The major performance objectives for optimizing compilers have been, and still are, loops. Among the most known and researched loop scheduling techniques is software pipelining. Due to the rise of simple cores, many of the hardware features, which supported more advanced software pipelining techniques, have been sacrificed in the battle for more cores. Due to the comeback of the simple cores, we have to rely on the original software pipelining techniques, which were developed over two decades ago.

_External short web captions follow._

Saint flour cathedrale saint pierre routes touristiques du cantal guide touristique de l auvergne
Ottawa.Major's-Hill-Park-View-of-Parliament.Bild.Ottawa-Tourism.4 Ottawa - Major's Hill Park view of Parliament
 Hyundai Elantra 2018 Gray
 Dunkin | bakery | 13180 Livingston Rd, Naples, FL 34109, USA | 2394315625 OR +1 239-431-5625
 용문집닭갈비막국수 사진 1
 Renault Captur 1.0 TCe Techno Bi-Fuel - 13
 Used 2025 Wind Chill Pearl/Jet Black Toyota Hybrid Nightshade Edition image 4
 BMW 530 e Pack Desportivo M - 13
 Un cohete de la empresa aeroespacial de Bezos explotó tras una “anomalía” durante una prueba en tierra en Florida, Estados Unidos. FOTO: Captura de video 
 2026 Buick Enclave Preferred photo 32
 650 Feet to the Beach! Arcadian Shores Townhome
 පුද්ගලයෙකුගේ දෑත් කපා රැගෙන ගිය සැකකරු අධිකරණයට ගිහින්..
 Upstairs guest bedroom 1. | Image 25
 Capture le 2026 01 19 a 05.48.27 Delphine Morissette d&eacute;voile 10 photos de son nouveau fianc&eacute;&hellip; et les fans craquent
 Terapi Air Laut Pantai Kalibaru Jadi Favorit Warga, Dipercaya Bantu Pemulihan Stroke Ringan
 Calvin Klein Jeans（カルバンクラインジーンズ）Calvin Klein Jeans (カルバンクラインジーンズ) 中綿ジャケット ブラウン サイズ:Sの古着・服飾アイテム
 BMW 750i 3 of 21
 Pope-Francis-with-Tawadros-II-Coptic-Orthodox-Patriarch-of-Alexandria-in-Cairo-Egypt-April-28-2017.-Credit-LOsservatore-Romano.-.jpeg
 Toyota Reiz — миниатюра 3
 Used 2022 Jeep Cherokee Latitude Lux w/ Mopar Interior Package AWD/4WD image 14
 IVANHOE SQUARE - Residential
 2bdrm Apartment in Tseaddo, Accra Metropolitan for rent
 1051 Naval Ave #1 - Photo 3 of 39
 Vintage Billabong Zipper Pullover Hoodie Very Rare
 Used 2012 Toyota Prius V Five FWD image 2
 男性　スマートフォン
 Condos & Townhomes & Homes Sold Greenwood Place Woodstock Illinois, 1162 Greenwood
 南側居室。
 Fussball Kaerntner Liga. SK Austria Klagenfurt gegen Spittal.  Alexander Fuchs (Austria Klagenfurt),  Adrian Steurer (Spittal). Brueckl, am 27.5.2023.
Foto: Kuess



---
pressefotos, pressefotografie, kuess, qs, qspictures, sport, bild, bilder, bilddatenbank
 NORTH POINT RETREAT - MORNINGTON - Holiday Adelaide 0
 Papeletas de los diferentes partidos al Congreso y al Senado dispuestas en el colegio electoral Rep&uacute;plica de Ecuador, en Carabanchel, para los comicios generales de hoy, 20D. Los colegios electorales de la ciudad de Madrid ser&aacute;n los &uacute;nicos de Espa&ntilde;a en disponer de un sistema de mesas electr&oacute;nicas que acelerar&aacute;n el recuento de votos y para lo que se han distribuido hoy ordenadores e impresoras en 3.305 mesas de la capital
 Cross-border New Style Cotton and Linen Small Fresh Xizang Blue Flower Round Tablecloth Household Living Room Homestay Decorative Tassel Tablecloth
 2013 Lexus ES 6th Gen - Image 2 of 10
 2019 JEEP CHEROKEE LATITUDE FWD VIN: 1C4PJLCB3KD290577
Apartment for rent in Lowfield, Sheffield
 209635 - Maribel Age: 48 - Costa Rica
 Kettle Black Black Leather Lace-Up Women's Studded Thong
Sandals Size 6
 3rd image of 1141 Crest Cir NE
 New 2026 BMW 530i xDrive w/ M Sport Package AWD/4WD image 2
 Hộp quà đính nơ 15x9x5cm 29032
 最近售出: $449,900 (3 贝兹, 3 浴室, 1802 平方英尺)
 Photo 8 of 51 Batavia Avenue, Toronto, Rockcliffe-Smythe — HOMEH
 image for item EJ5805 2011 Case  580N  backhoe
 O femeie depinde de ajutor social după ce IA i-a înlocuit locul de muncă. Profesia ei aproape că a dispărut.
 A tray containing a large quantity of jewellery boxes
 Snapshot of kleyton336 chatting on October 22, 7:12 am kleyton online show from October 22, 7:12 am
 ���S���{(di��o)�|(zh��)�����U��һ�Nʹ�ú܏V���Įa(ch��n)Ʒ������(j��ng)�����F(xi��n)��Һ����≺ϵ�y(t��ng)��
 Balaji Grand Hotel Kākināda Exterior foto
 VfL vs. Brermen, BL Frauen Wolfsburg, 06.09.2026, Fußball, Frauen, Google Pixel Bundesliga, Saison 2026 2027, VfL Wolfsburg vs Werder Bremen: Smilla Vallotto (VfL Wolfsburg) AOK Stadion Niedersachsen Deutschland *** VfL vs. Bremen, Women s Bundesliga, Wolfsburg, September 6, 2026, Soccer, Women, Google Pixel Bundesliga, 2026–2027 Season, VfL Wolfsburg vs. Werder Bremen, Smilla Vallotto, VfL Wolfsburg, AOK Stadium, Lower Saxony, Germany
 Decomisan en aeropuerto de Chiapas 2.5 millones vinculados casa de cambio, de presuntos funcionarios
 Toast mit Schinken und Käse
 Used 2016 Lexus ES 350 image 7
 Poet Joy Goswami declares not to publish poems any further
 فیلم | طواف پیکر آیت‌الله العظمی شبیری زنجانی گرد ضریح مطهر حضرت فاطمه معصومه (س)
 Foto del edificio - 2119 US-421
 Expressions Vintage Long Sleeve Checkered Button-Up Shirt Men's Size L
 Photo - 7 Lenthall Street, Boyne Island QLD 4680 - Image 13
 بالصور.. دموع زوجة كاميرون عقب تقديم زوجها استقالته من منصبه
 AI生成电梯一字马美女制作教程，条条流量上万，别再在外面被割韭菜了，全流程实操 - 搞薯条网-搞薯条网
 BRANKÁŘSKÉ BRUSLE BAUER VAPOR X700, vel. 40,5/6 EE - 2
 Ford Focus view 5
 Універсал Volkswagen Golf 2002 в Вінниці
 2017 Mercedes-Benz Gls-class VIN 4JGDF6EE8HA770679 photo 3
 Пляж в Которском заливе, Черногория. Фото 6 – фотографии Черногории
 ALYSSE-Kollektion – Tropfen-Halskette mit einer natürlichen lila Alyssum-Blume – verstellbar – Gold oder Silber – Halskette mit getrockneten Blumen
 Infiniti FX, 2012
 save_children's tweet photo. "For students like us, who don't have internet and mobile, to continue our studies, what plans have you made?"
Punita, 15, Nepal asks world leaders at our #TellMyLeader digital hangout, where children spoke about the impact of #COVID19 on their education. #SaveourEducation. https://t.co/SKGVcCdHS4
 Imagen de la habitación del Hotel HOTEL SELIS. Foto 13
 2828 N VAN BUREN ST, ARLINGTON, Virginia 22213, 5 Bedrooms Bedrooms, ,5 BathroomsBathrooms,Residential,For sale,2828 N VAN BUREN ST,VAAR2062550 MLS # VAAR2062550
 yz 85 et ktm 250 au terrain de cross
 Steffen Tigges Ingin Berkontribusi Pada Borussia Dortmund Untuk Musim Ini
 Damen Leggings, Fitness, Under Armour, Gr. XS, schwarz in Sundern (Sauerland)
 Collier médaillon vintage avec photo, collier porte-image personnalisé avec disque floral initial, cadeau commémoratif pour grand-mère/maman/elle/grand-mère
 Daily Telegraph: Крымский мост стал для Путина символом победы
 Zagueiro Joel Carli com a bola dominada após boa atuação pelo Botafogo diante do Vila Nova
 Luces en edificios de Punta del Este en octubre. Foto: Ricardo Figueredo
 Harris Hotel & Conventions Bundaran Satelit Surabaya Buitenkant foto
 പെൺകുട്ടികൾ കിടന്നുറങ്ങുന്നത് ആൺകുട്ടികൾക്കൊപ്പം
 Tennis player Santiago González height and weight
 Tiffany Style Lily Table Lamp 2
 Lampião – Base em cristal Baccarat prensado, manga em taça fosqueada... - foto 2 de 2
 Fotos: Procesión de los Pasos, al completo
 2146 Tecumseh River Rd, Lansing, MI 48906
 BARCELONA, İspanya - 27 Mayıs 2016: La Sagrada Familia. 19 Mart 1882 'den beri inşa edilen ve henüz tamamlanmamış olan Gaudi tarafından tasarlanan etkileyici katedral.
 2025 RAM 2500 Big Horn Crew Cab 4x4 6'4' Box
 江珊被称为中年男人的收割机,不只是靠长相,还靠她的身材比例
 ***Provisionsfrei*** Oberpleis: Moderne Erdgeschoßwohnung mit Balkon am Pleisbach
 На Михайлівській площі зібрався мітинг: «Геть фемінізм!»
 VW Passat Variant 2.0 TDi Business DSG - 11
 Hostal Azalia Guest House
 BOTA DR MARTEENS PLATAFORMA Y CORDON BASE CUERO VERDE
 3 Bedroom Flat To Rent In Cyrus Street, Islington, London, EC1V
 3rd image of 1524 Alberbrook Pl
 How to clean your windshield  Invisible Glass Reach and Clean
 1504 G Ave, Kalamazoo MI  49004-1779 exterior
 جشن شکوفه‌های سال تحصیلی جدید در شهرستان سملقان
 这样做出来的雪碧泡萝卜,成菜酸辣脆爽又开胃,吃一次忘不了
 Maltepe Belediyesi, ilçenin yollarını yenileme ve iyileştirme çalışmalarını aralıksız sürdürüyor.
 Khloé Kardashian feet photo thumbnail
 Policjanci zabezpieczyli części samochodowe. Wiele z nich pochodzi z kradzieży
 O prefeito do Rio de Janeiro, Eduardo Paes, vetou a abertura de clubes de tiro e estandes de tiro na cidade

The software pipelining framework described in this thesis does not rely on any special hardware support. It was implemented in PathScale’s EKOPath compiler for the SiCortex Multiprocessor architecture. The experimental results show a maximum speedup of 15%. The framework will be part of a production quality compiler and it will be open-sourced to the community.
The main contributions of this thesis are: (1) an implementation of a fast life-time sensitive modulo scheduler with limited backtracking, (2) a modulo variable expansion technique to compensate for a missing rotating register file, (3) a register allocator for modulo variable expanded kernels, (4) a new code generator that compensates for missing hardware support, (5) creation of an experimental testbed to analyse the performance of the software pipelining framework.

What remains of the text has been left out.